Compte tenu de sa situation excentrée et de sa faible densité de population, Presinge ne croule pas sous les demandes de réclame. Mais, selon Patrice Mugny, il s’agit avant tout d’un acte symbolique. «Nous voulons défendre un mode de vie plus modeste, moins axé sur la consommation, et développer une commune villageoise qui s’interroge sur la pollution en général, qu’elle soit lumineuse, visuelle, sonore, dans l’air ou dans la terre», explique l’écologiste.

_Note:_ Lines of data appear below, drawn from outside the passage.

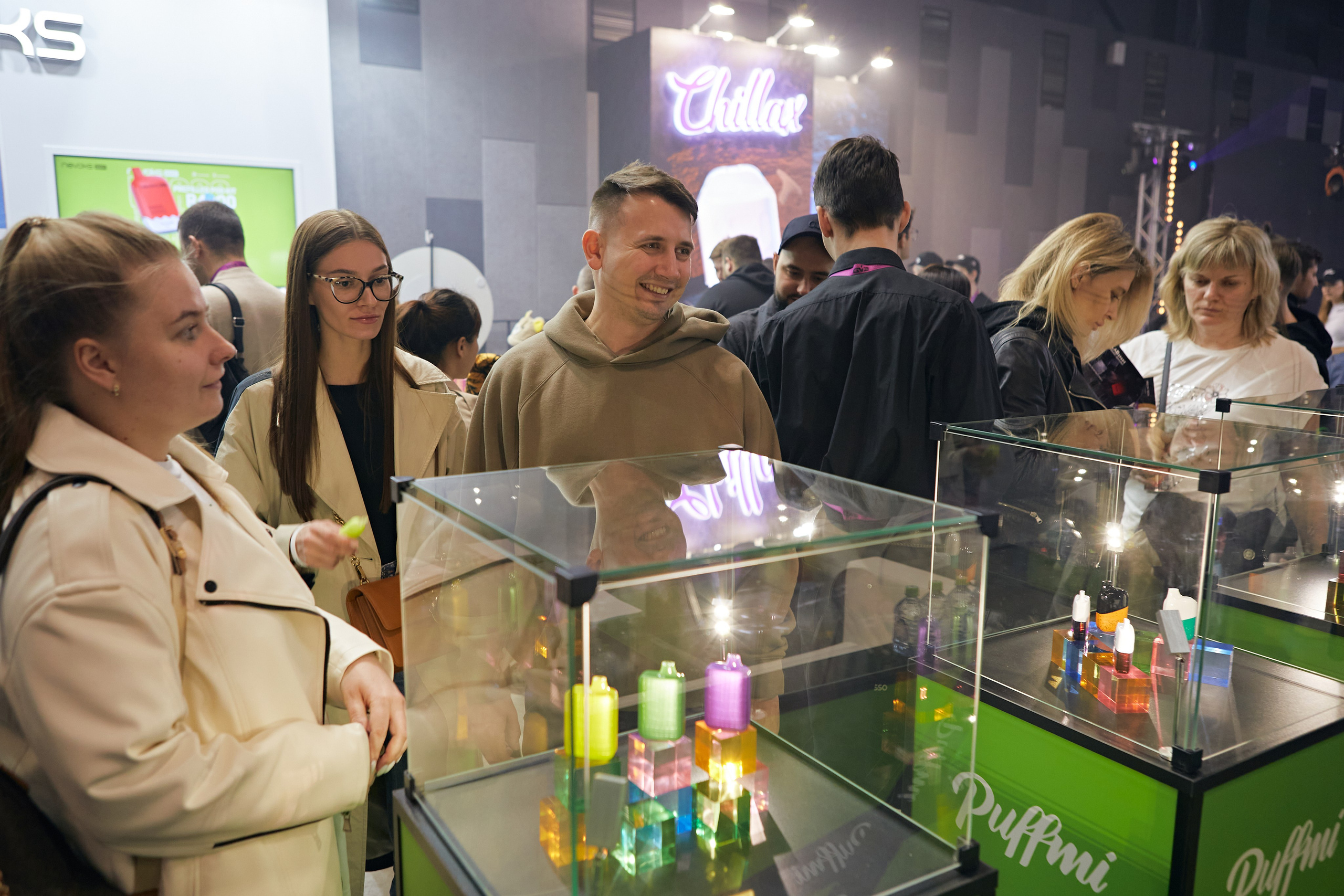 PUFFMI на Global Vape Expo. Фотограф Андрей Егоров
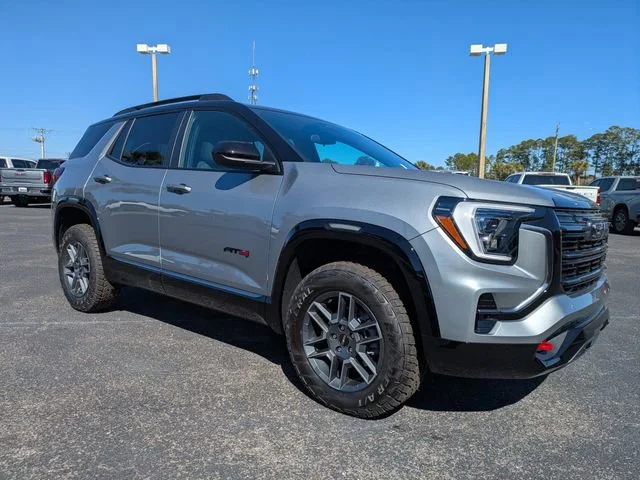 New 2026 Sterling Metallic GMC AT4 image 2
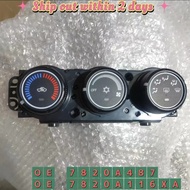 7820A116XA 7820A487 Air Conditioning SwitchAC Adjustment Knob Heater Button For Mitsubishi ASX Lance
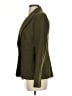 Ann Taylor 100% Wool Tweed Green Wool Blazer Size 4 - photo 5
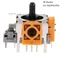 Hall Effect Joystick Modul Controller Sensor Potentiometer Für PS2 PS3 Analog DIY Zubehör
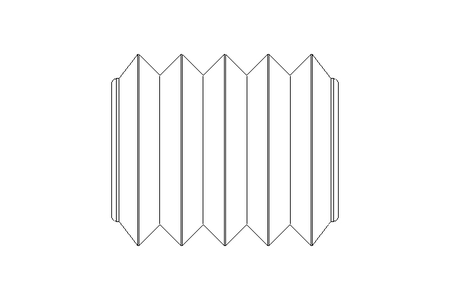 Faltenbalg L=12-70 d=38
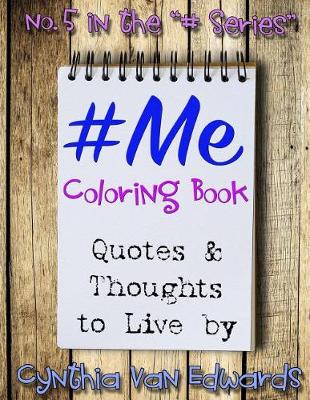 Book cover for #Me #Coloring Book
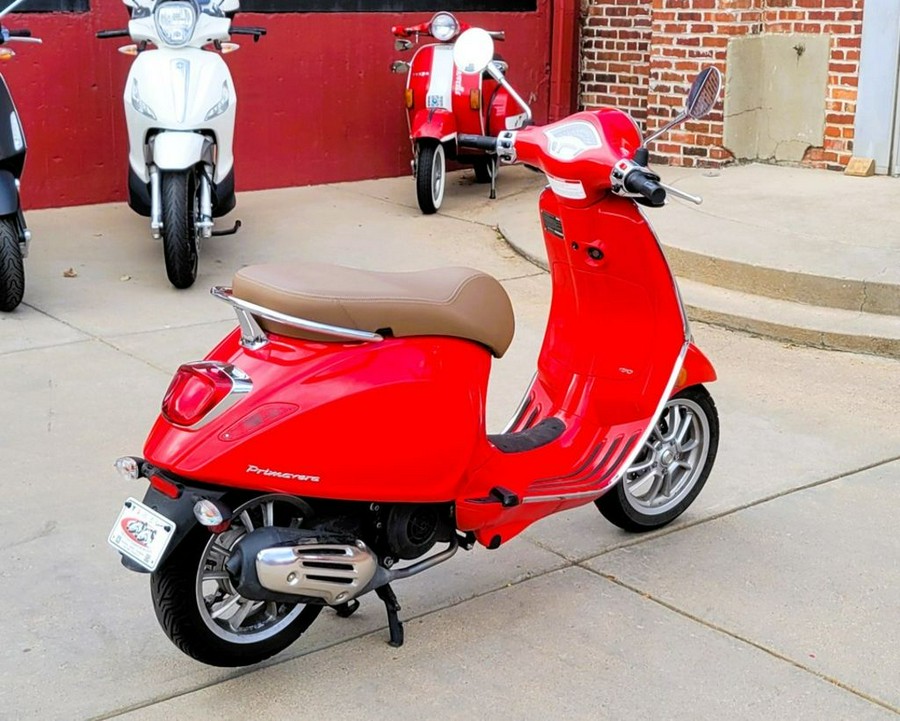 2020 Vespa Primavera 150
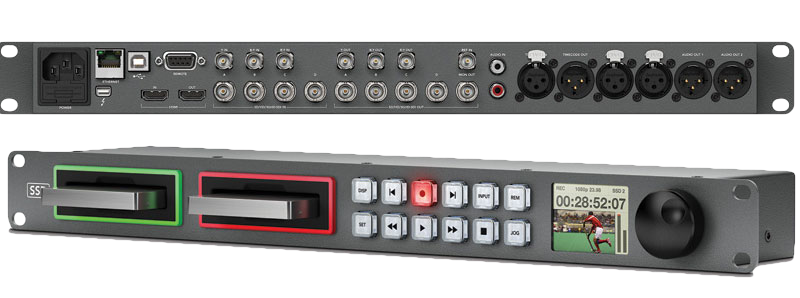 Hyperdeck Studio - Blackmagic Design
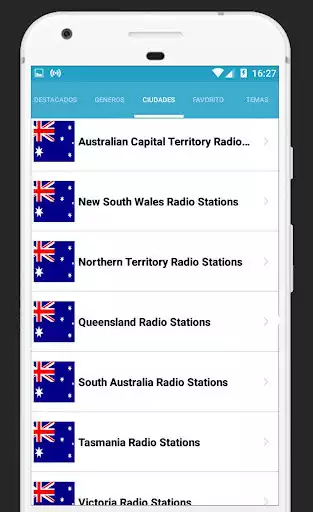 Play Australia Radio Stations FM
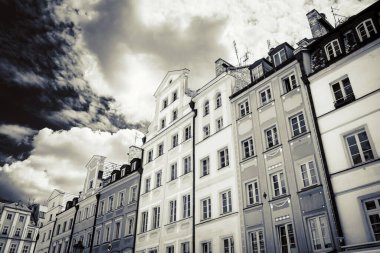 Wroclaw 'ın güzel, resimsi merkezi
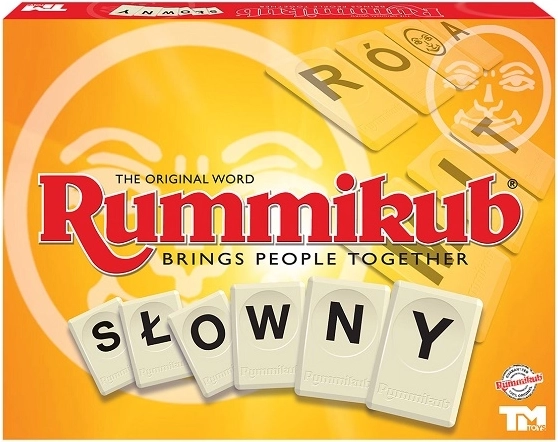 TM Toys Rummikub Słowny Wortspiel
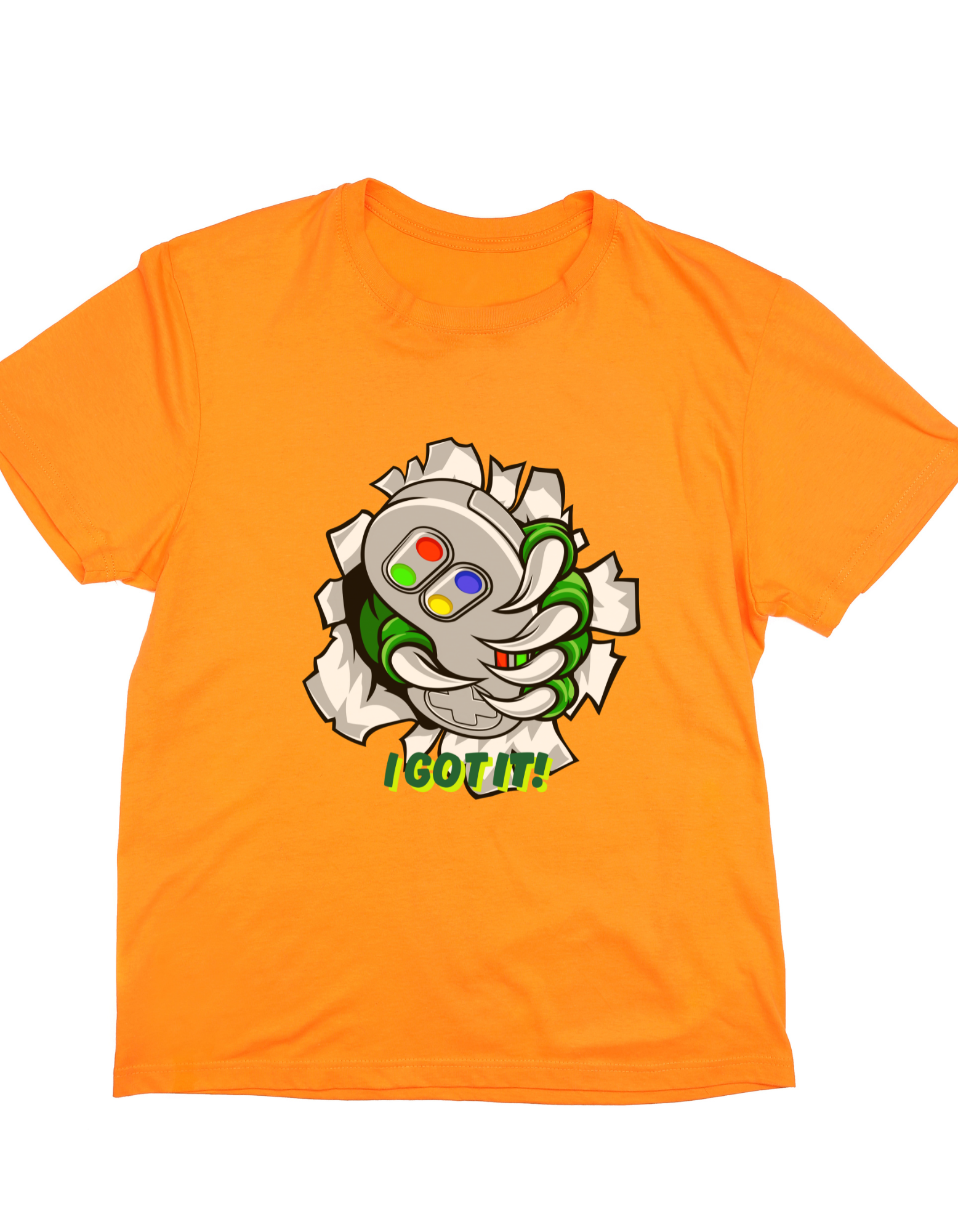 Gamer Cotton T-Shirt – Cool Kids Gaming Tee | Mumma’s Cub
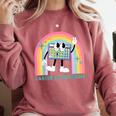 Career In Modeling AAC Teacher SLP SPED Communication Autism Comfort Colors Sweatshirt Crimson Career In Modeling AAC Teacher SLP SPED Communication Autism Comfort Colors Sweatshirt Crimson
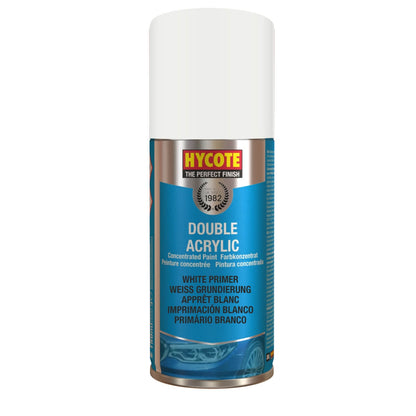 Hycote White Primer Double Acrylic Spray Paint 150Ml Xdpb903 Hycote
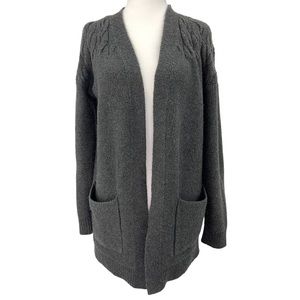 Lucky Brand Grey Cardigan with Pockets A8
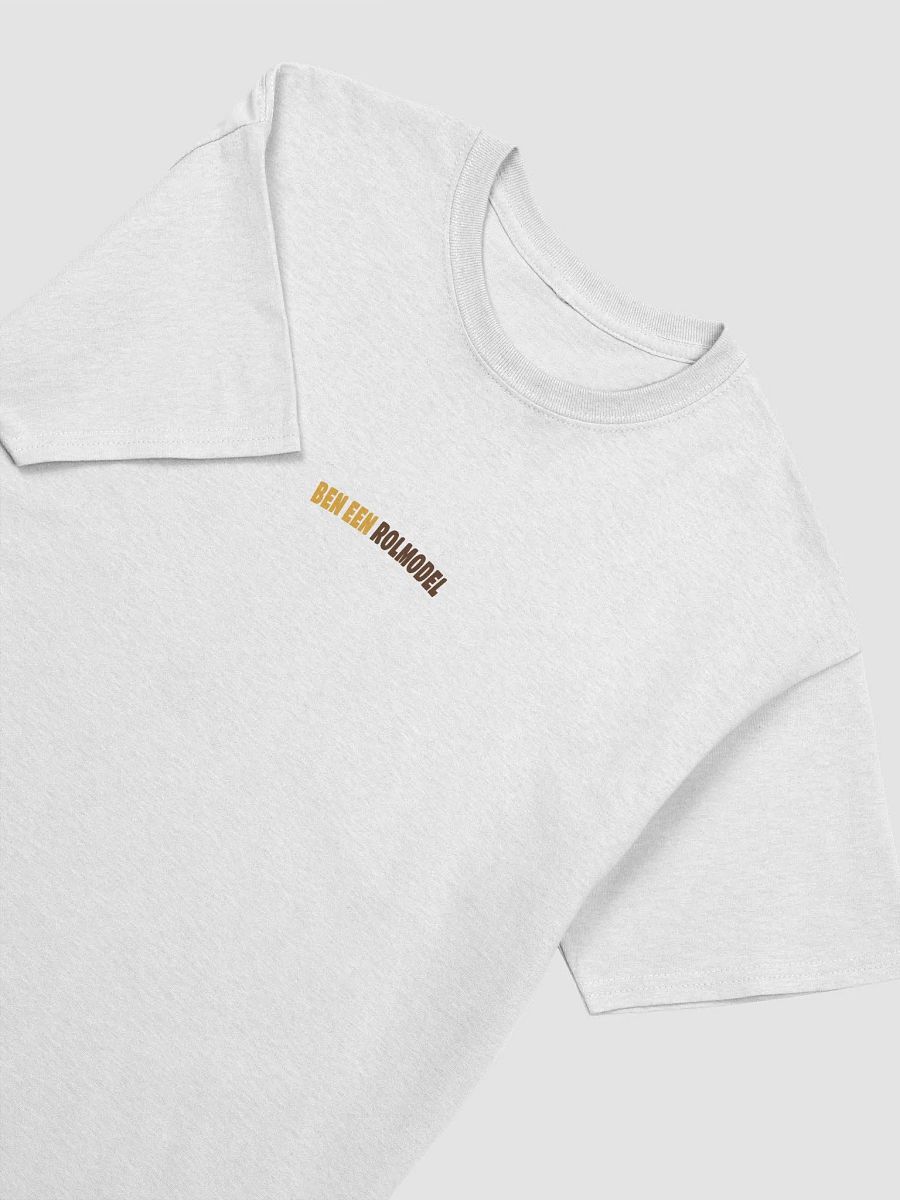Ben een Rolmodel - White - T-Shirt product image (4)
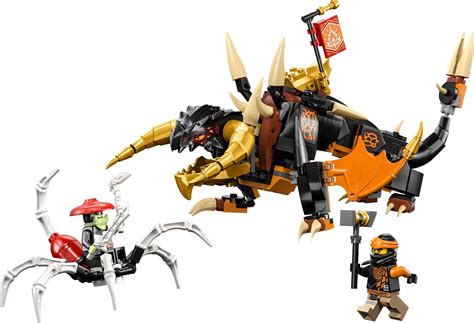 LEGO 71782 Ninjago Core Cole's Earth Dragon EVO | BrickEconomy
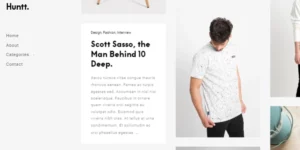 Themes Kingdom Huntt WordPress Theme 1.5.2破解版主题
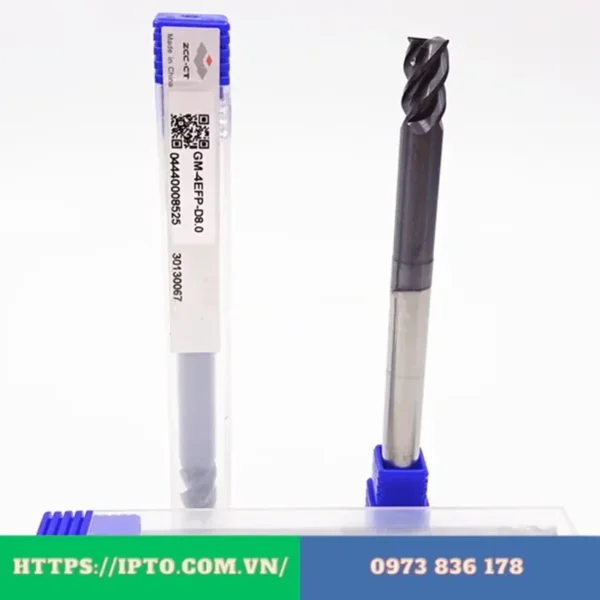 Alternative view of Dao phay ngón Endmill ZCC.CT GM-4EFP-D6.0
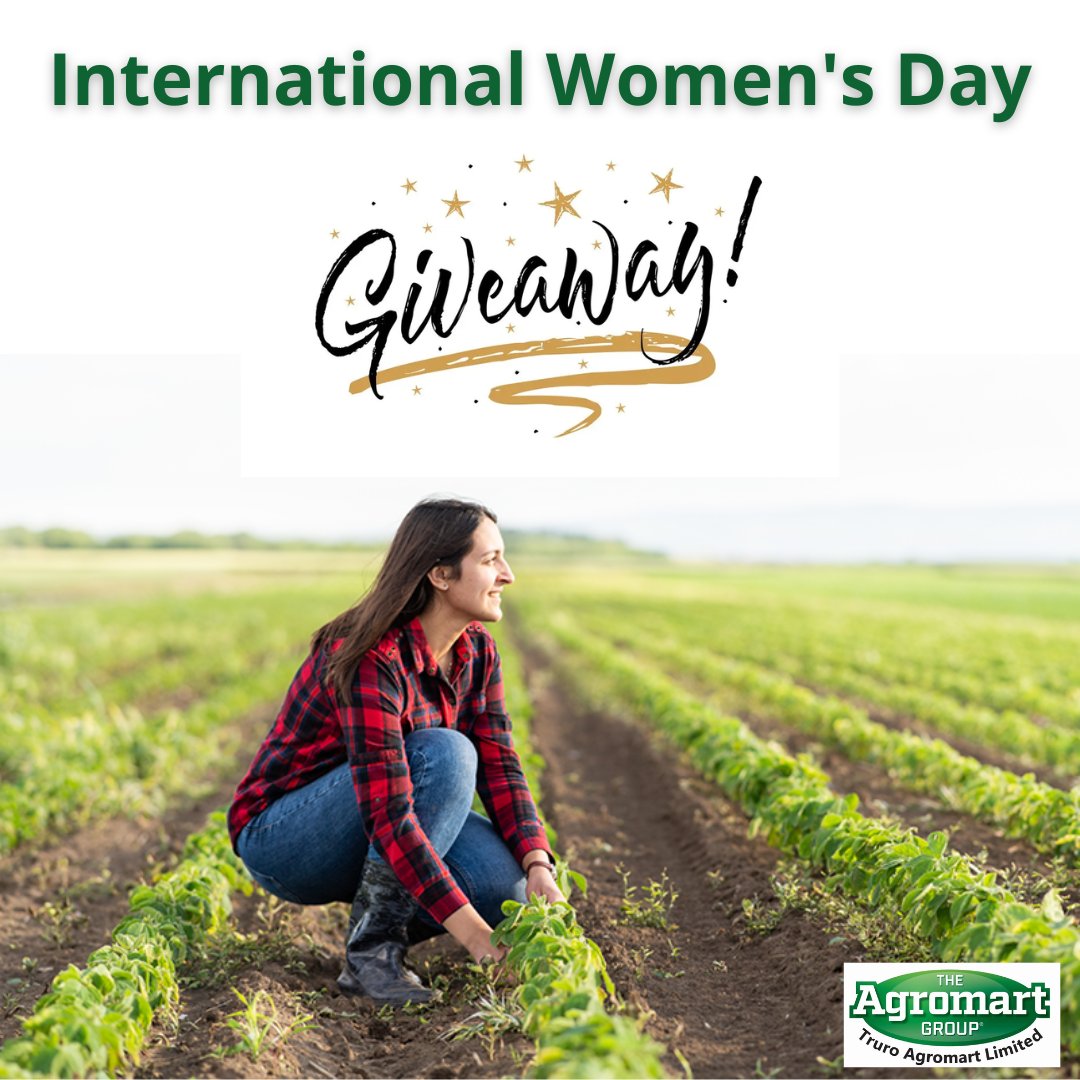 Do you have a woman who INSPIRES you in agriculture?!

Head on over to our Facebook or Instagram for a chance to win them a pair of tickets to see #TimHicks at Country Rocks the Farm this summer!

#IWD2023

Dans cette même perspective, l’Exécutif a également cherché à faire interdire le survol de son territoire par des drones. Mais cette disposition relevant du Canton, la Municipalité a dû y renoncer.

Parmi les communes récemment approchées par Patrice Mugny, Choulex et Gy se sont dites d’accord sur le principe de refuser toute proposition de publicité. La décision était relativement facile à prendre pour ces communes qui n’abritent à ce jour aucun panneau commercial.

Puplinge et Meinier, également contactées par le magistrat, ont pour leur part décidé de discuter avec les membres de leur Conseil municipal respectif. Entre une et trois enseignes sont en jeu dans chacune de ces communes. «Cela ne nous rapporte pas grand-chose financièrement, mais ces emplacements publicitaires ne nous dérangent pas non plus, nous sommes encore loin de la situation en France voisine où il y a des panneaux partout», confie le maire de Puplinge, Gilles Marti.

Absence de demande

Si Presinge est sans doute la première municipalité genevoise à se revendiquer haut et fort «libre de pub», d’autres communes ailleurs dans le canton ont également fait ce choix-là, sans pour autant l’officialiser. C’est notamment le cas de Bernex, Cartigny, Troinex, Perly-Certoux ou encore Satigny, des communes peu peuplées.

Les raisons de cette absence de panneaux publicitaires diffèrent en revanche. Pour la plupart de ces communes, il s’agit essentiellement d’une question esthétique. Les mairies ne veulent pas dénaturer l’aspect rural ou ancien de leurs villages. Leur position ne relève cependant pas de principes éthiques.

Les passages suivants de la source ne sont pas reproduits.